André Kostolany
André Kostolany Bartholomew (* 9. February 1906 in Budapest , Austria-Hungary as Endre Kosztolányi; † 14. September 1999 in Paris ) was a stock exchange and as financial expert and as a speculator occurring journalist , writer and entertainer with Hungarian origins and American Citizenship.
Life
Kostolany was born on February 9, 1906 as the fourth child of a wealthy Jewish industrial family in Budapest. Kostolany's father was an industrialist and produced spirits ( bitters ), which were sold under the name Hercules . His father exported this to America in large quantities before the First World War. The company had existed since 1830. Kostolany described the household in which he grew up as "very wealthy". In addition to the servants, an Austrian governess , a Germanist, was employed in the household, who was responsible for his upbringing during the Austro-Hungarian monarchy .
He was baptized a Roman Catholic. With the intention of becoming an art critic , he studied philosophy and art history , but then, at his father's request, completed an apprenticeship with his friend, French stockbroker Adrien Perquel, from the mid-1920s.

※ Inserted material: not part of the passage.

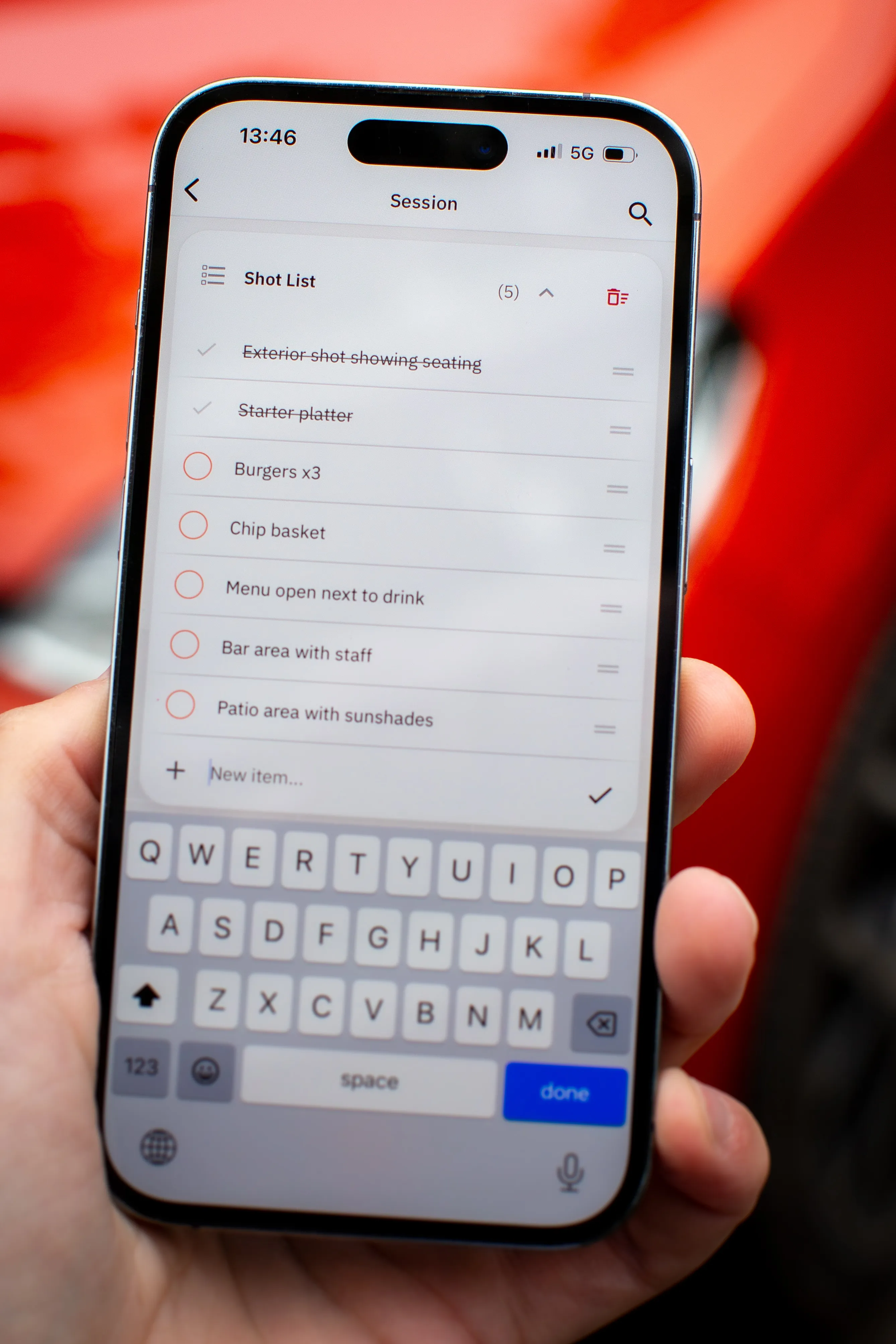 The shot list on a phone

In 1924, at the height of European inflation, he moved to Paris, where he gained his first experience as a stock market speculator. He successfully completed his traineeship and switched to Amerongen & Compagnie as a broker and consultant .
Escape to the USA
After the beginning of the Second World War , Kostolany fled to the USA via San Sebastian and Madrid in 1940, shortly before the German troops marched into Paris, because he was baptized Catholic but of Jewish origin. After receiving American citizenship, he took on the post of General Manager and President of the G. Ballai and Cie Financing Company in 1941 , which he held until 1950. At the same time he was the main shareholder there .
Return to Europe
A few years after the end of the war he returned to Paris . Here he met his future wife, Françoise Russell, whom he married at the age of 58. He set up secondary residences in Munich and on the Côte d'Azur . He described himself as a committed Hungarian patriot.

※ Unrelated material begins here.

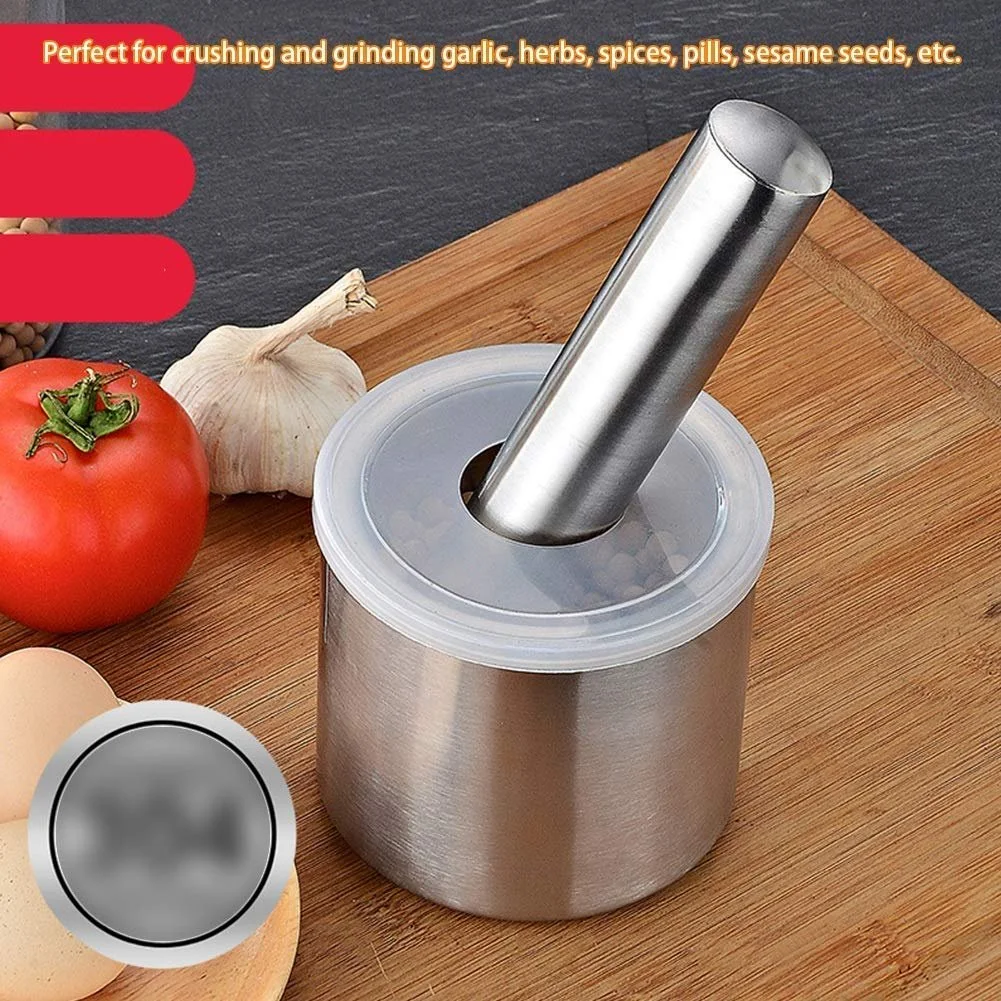Млин Спецій Ручний Набір для подрібнення часнику з товкачем і ступкою Контейнер Нержавіюча сталь, фото №6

Book author and journalist
Kostolany acquired the status of a stock market guru through his numerous books, columns, lectures and seminars on the stock market. He wrote a total of 13 books that have been translated into eight languages and sold around three million times. He published 414 columns in the German financial magazine Capital . Kostolany is also known for its stock market wisdom, which is repeatedly quoted by stock market commentators.
In his bon mots and columns of the 1970s, he railed against the IOS “swindling funds” ; During the 1980s, he was a vocal critic of the gold lobby , warning of commodity , oil depreciation, and hedge fund scams . Kostolany launched his last “crusade”, which he led until his death, in the 1990s against the Neuer Markt and against the banks that sold guarantee funds to investors . In addition, in the 8/1996 issue of Capital magazine, he explained in detail why the guarantee funds were misleading investors.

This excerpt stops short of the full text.